Overriding a Crypt-Password with a Cleartext-Password in FR 3.x

[Alan DeKok]

On Jun 6, 2017, at 9:12 AM, Bjørn Mork <bjorn at mork.no> wrote:
> 
> I recently upgraded from FR 2.2.5 to FR 3.0.12 as part of an upgrade
> from Debian jessie to stretch.  The config had to be migrated manually,
> which went mostly without problems.

  That's good.

> I use the unix module to load crypt passwords for a few system
> users. But there are also some unix users without any Unix password,
> which should exist as RADIUS users. "no Unix password" means that the
> users have a /etc/shadow entry which cannot be matched.
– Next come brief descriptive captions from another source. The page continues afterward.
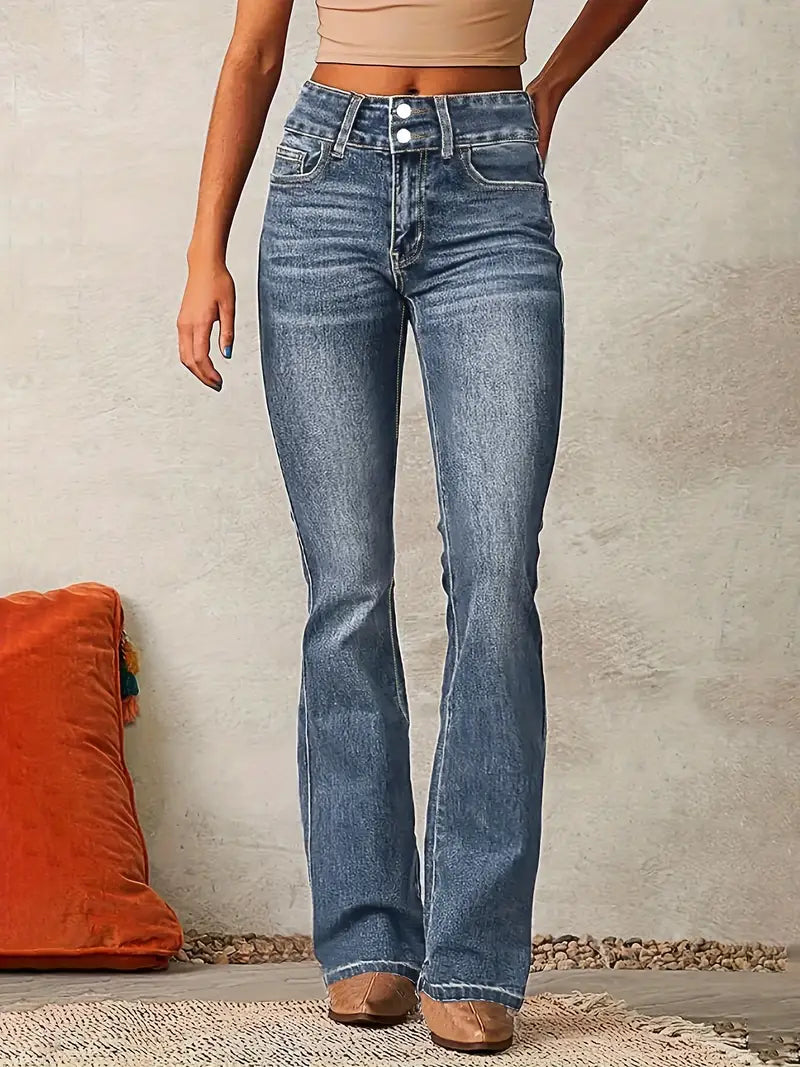 Lova | Schlagjeans mit hoher Taille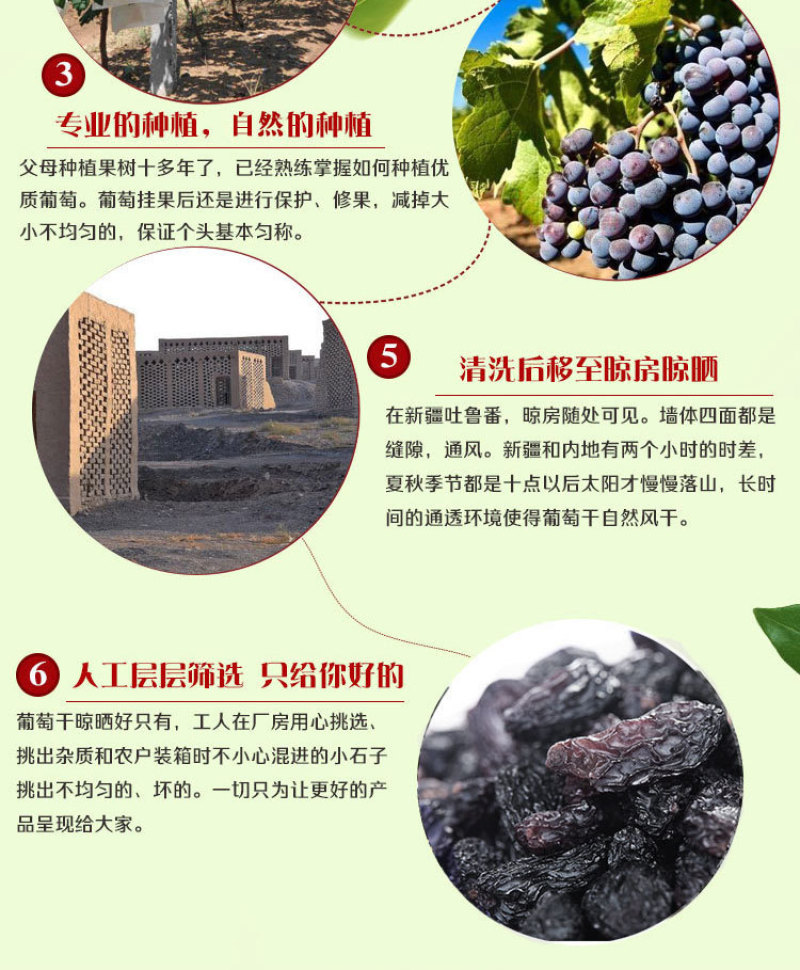 吐鲁番黑加仑葡萄干500g袋去柄黑葡萄干原味黑香妃提子干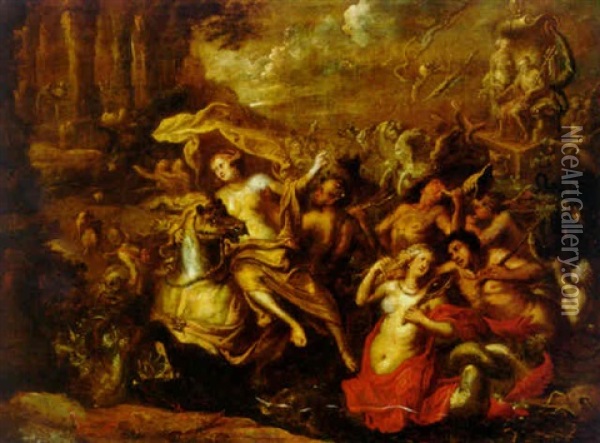 The Wedding Of Neptune And Amphitrite Oil Painting - Cornelis Schut the Elder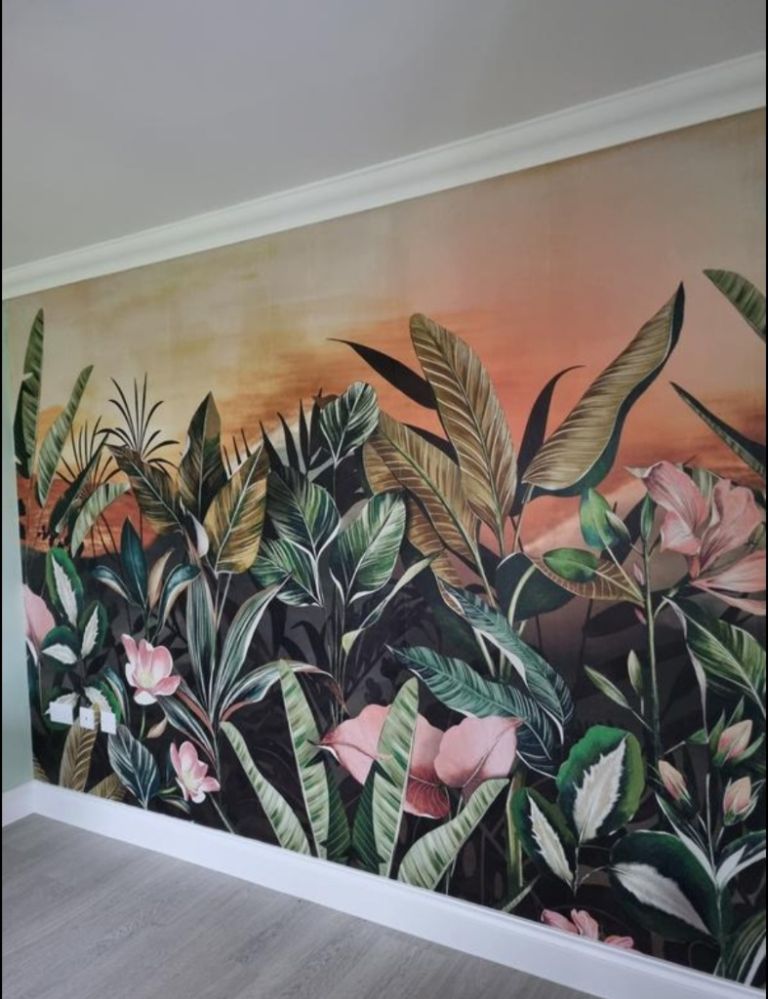 Vintage wall mural from dunelm extra large size 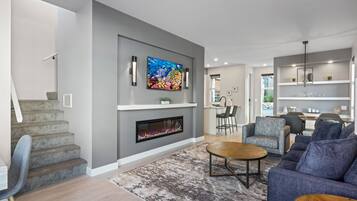 TV connectée, cheminée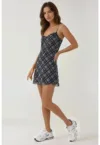 Rochie mini imprimeu detalii din dantela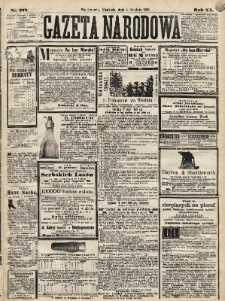 Gazeta Narodowa. 1881, nr 277
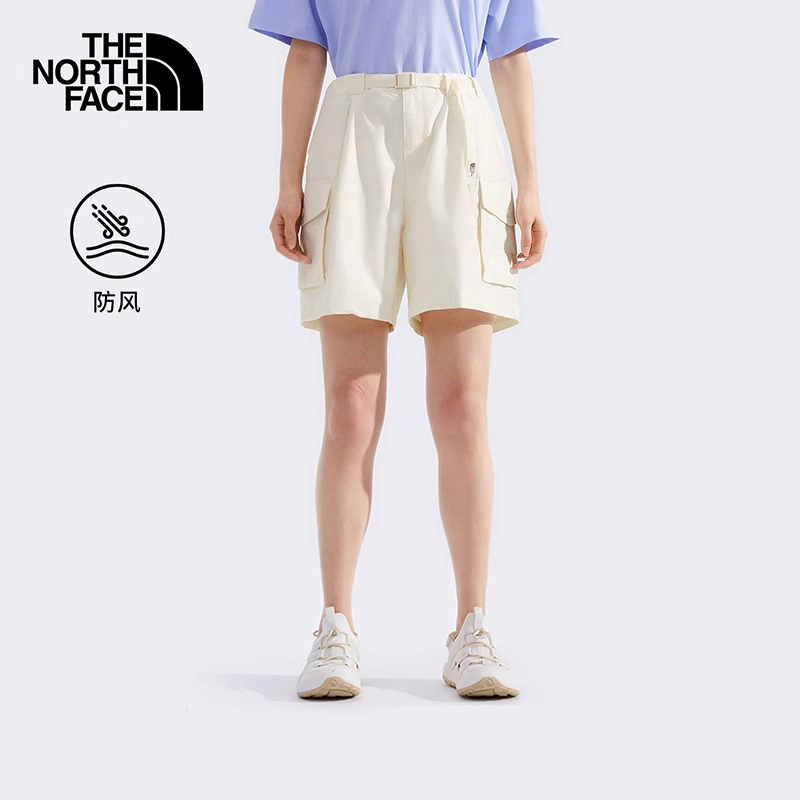 北面女夏季户外休闲裤工装短裤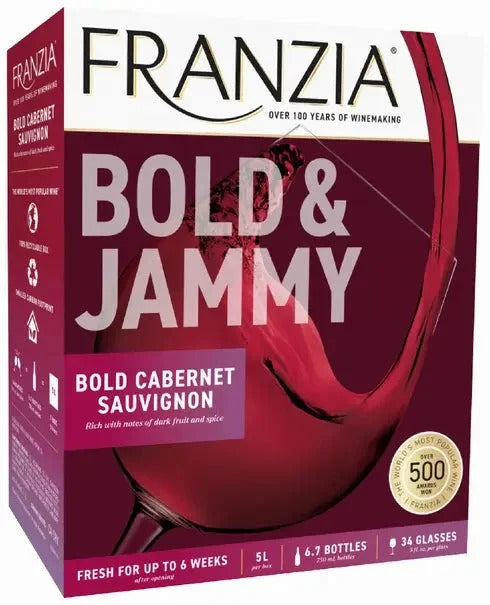 Franzia Bold and Jammy Cabernet Sauvignon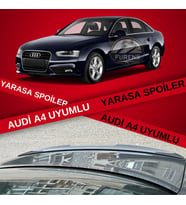 Audi A4 Bagaj Üstü Black Piano Yarasa Spoiler Bagaj Çıtası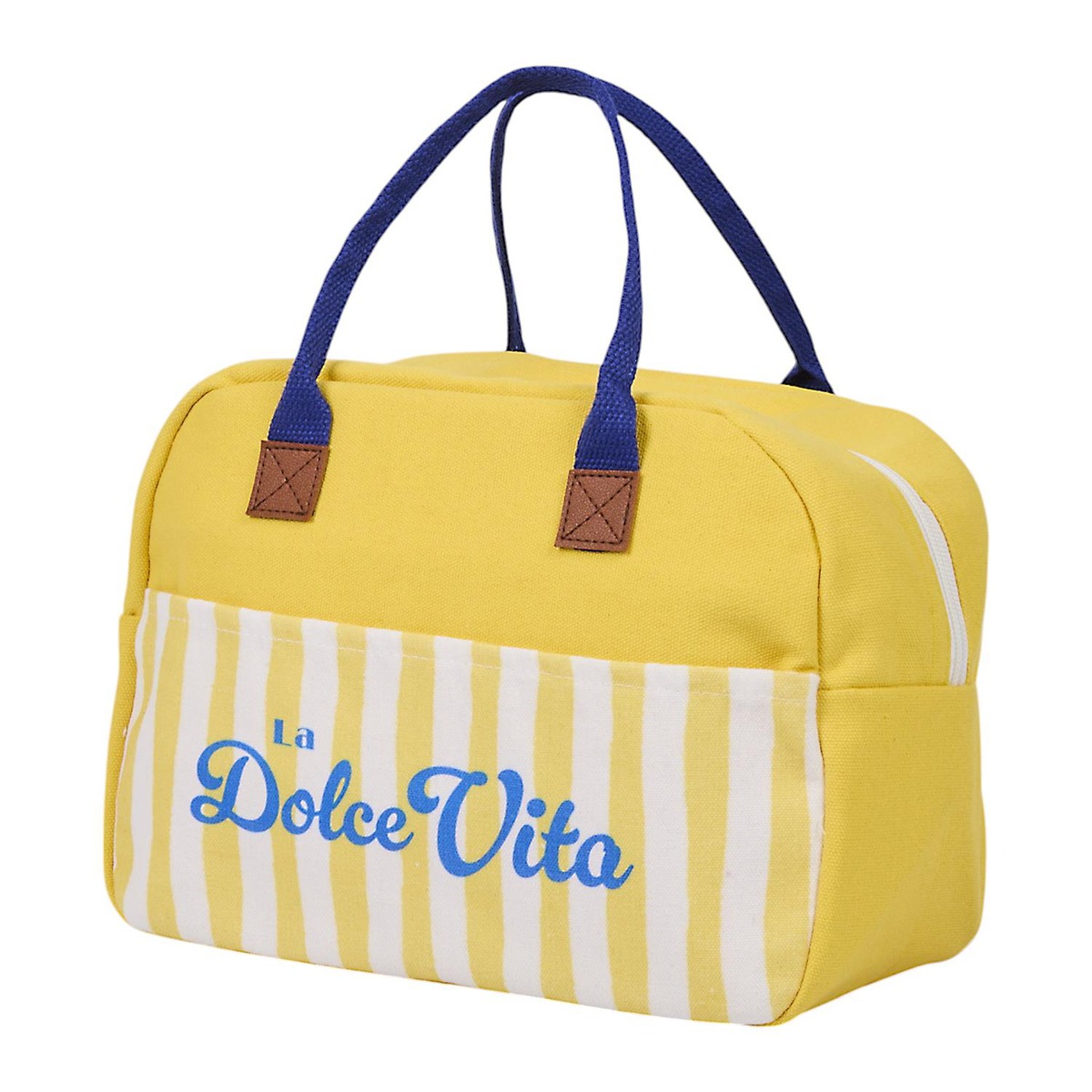 Lunch Bag - Sac Isotherme rayures Dolce Vita Jaune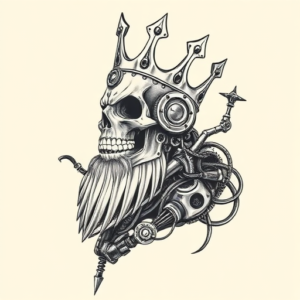 Biomechanical King Tattoo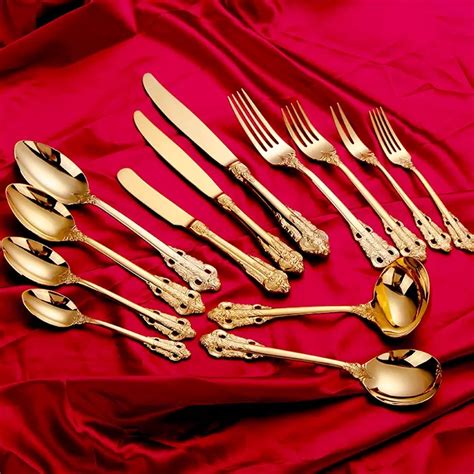 Buy Luxury Vintage Gold Flatware Online - EdensDECOR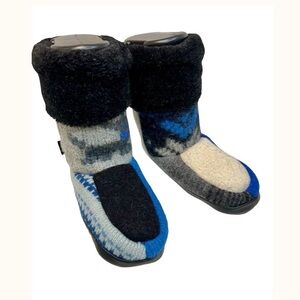 BAABAAZUZU Upcycled One-Of-A-Kind Wool Slippers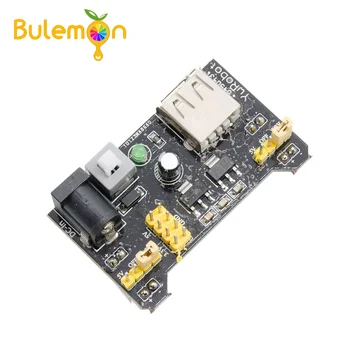 

5pcs/lot Breadboard Power Supply Module 3.3V 5V For Arduino Solderless Bread Board Voltage Regulator DIY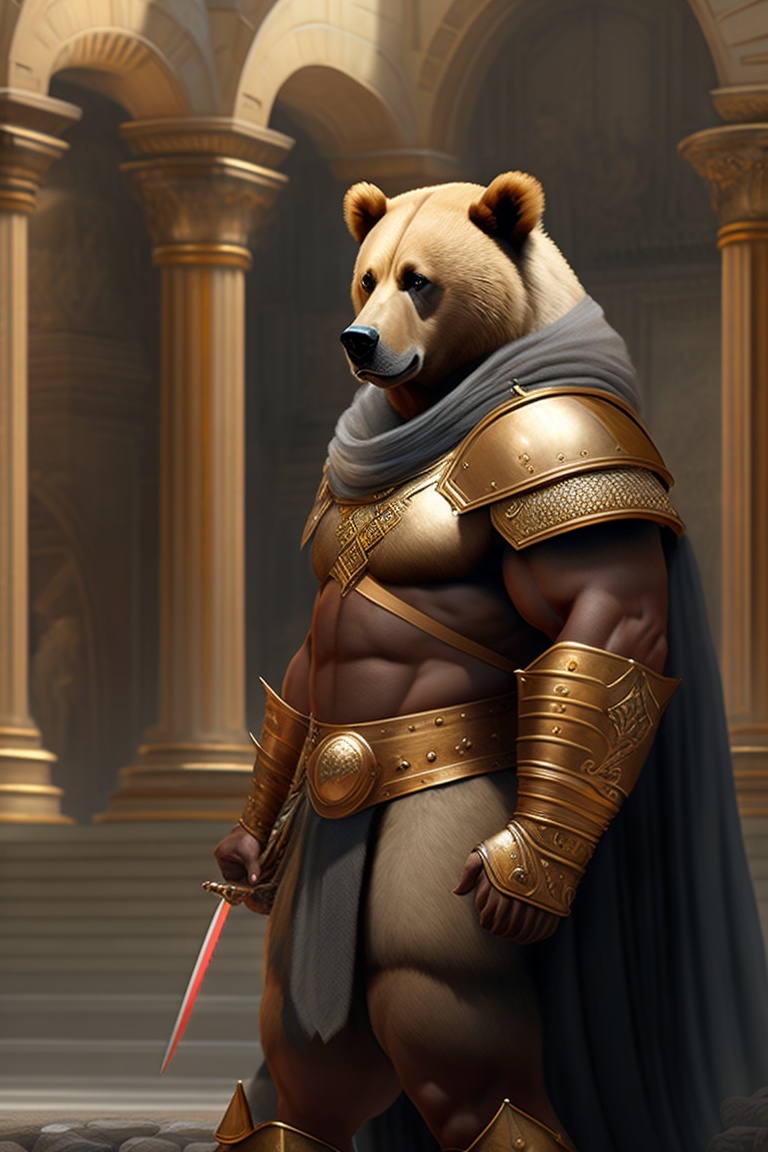 Bear In Old Rome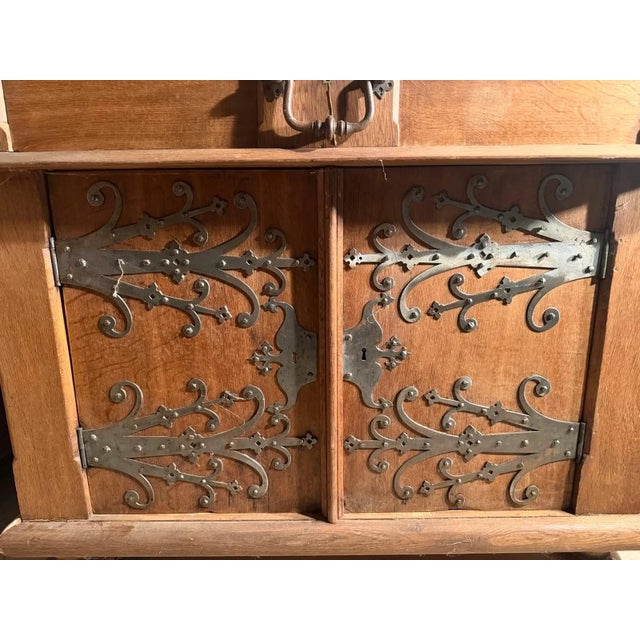 Antique Historicism Sideboard in Oak with Iron Fittings, 1890s For Sale - Image 12 of 13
So I need to
> ignore the Crypt-Password attribute for these users.

  i.e. they have a password, but it's wrong?

> In FR 2.x I explicitly set the Auth-Type to foribly ignore the invalid
> Crypt-Password, like this:
> 
> luser  Cleartext-Password := "foo", Auth-Type := Local
> 
> 
> But FR 3.x refused to accept Auth-Type "Local". So I tried to modify the
> entry to
> 
> luser  Cleartext-Password := "foo"
> 
> in the hope that the pap module would be smart enough to figure out that
> the Cleartext-Password should override the invalid Crypt-Password.  It
> was not.
> 
> Being unable to figure out the smart way, I just took the simple route
> out by doing
> 
> luser  User-Password == "foo", Auth-Type := Accept

  Don't do that...

> so I'd really like to figure out a better way.  Is there a smart way to
> override a Crypt-Password per user in FR 3.x?  I guess I could generate
> crypted passwords from the cleartext passwords and simply override
> Crypt-Password in the users file.  But that does not seem much nicer
> than the current User-Password match to me.  What I really want is to be
> able to say "use this Cleartext-Password no matter what".

  You can use "unlang" to check and edit the request:

authorize {
	...
	files
	...

	if (Crypt-Password && Cleartext-Password) {
		update request {
			Crypt-Password !* ANY
		}
	}
	pap
}

  Which should delete the Crypt-Password.  See "man unlang" for more details.

  Alan DeKok.